Schoolboy Lyrics >Outward Bound Edition
Poème intégré par la mère de Kipling au recueil familial avant son retour en Inde, écrit pendant son séjour à l‘United Service Collège où la bibliothèque est son domaine.

Traduction : sauf erreur, ce poème n’a pas été traduit en francais.

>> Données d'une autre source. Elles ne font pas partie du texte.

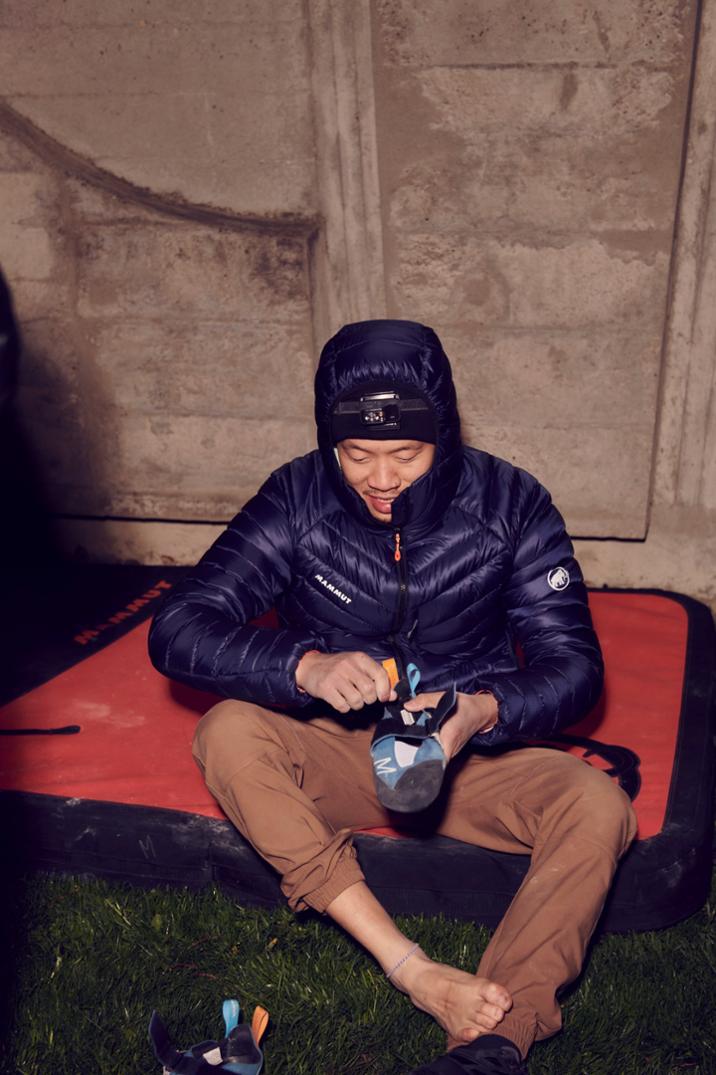 Location Image for Broad Peak IN Hooded Down Jacket - Men's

Le titre renvoie à la Bible ( Romains, 1,29) et à une réponse au cours de la liturgie anglicane : « de la cécité du cœur, de l’orgueil, de la vaine gloire et de l’hypocrisie ; de l’envie, de la haine et de la malice, et du manque de charité, Seigneur, délivre-nous ». En français, le sens de "malice" s'est atténué mais garde aussi son sens religieux du pouvoir du mal ou de faire le mal, j'ai préféré le conserver ( cf CNTLR).
Un Tel : traduction de Such an One, Tel Autre traduction de Self et de Such Another

Envie, haine et malice
Louons Un Tel ,
Rendons-lui hommage
Sincère pour son labeur accompli —
En l'honneur de la nation.
Une telle élévation,
Un goût si parfait, n'avait jamais été vus auparavant ;
Nos rangs accueillent un poète de plus,
Au milieu de l’acclamation universelle.

Un Tel est élevé
Jusqu’aux dieux,
Même aux demi-dieux.
Un Tel est couronné roi,
Tel Autre et ses amis
Ruminent un sentiment amer
En se demandant
À quelles fins
Ces étranges vermines viennent dérober
Des feuilles de laurier ici et là pour fabriquer
De fausses couronnes, car il est bien étrange
Que le monde puisse prendre un homme
Pour un dieu.
(même pour un demi-dieu !)

Un Tel s'en va — surgit :
Un Tel Autre ;
Avec de vieilles pensées sous de nouveaux déguisements,
Né pour étouffer
Les œuvres d’Un Tel.
On l’accueille tout aussi bruyamment,
Il porte son manteau tout aussi fièrement.
D’où je tire
Mes déductions
Que bien d’autres poètes encore,
Avant que je ne repose sous la terre,
Je verrai croître et s’élever
Vers les dieux,
Même vers les demi-dieux !

Envy, Hatred, and Malice

Let us praise Such an One,
Give him commendation
Sincere for labour done—
As honour to the nation.
Such elevation,
Such perfect taste, was never known before;
Our ranks admit one poet more,
'Mid universal acclamation.

Such an One is elevated
To the gods,
Even to the demi-gods.
Such an One is crowned king,
Self and friends
Chew the cud of bitter feeling
Wondering
By what ends
These strange vermin come to stealing
Bay-leaves here and there to make
Forged false wreaths, for sure 'tis odd
How the world a man may take
For a god.
(Even for a demi-god!)

Such an One is gone—there rises
Such Another:
With old thoughts in newer guises
Born to smother
Such an One's productions.
Welcomed is he just as loudly,
Trails his mantle just as proudly.
Whence I draw
My deductions
That many and many a poet more,
Ere I lie beneath the sods,
I shall witness swell and soar
To the gods,
Even to the demi-gods!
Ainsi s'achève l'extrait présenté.